Thank you for sharing your stories.

Still nothing. Some time I convince myself I am. Sometimes I convince myself I'm not. I just want AF to come so we can get on with it! I'm not known for my patience!!!

Pip x


----------



## ciarhwyfar

I hear that, Pip! It gets harder to know what you should believe as things go on.

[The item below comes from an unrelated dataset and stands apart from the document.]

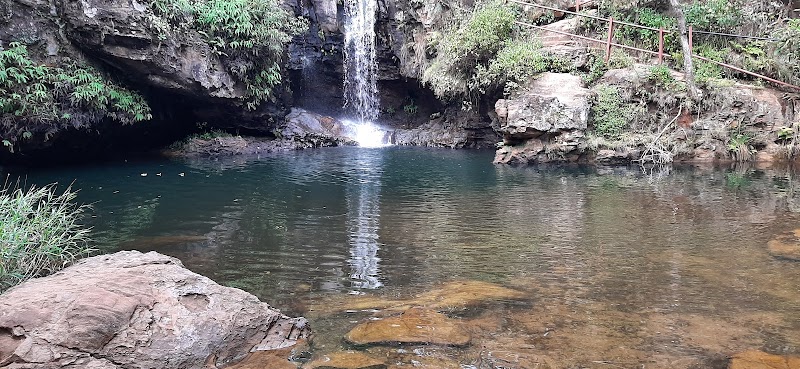 Pachmarhi - Pachmarhi Pachmarhi, Madhya Pradesh 461881, India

Please keep us posted and keeping my fingers crossed!


----------



## pip7890

Well ladies, I'm shocked but happy to report that last night I got a

BFP

Looks like I might be a little busy next July!

Pip x


----------



## Geminus

oldmamamia said:


> hi just thought id reply, i am nearly 40 with a 14 and 9yr old, had marina removed in jan 2010, went on mini pill but was pregnant within days! unfortunately i miscarried at 7 wks doc said your chances off mc increase dramatically if falling pregnant within 8wks of coil removal, am now 10wks pregnant, it took 6mths ttc and must admit thought it wasnt going to happen, but over the moon, ps didnt get a positive result until i was nearly 6wks but deep down i new i was did about 20 tests

I would like to say sorry for your lost, but, congrats on your expecting a new. Also, for giving me hope 38 will be 39 this May and ttc.. :happydance: all of you ladies are my age yes!!! I thought that it wasn't possible or there would be a FS that has to be involved.. I have new hope for a natural attempt to getting pregnant! Thank you!!!!!!!!


----------



## ciarhwyfar

Congratulations Pip!!


----------



## lissaloo

hi i haven't been around for months !!! i had a coil fitted in oct to aid my heavy af and was so sick of negative pg tests ! but im hoping to have it removed next week and try again :)


----------



## pip7890

Good luck lissaloo

Pip x


----------



## lissaloo

thanks girls and congrats to you pip way to go girl xx


----------



## pip7890

Bad news I'm afraid. I had a heavy bleed on Christmas Day and a scan this morning confirmed I had lost the baby. 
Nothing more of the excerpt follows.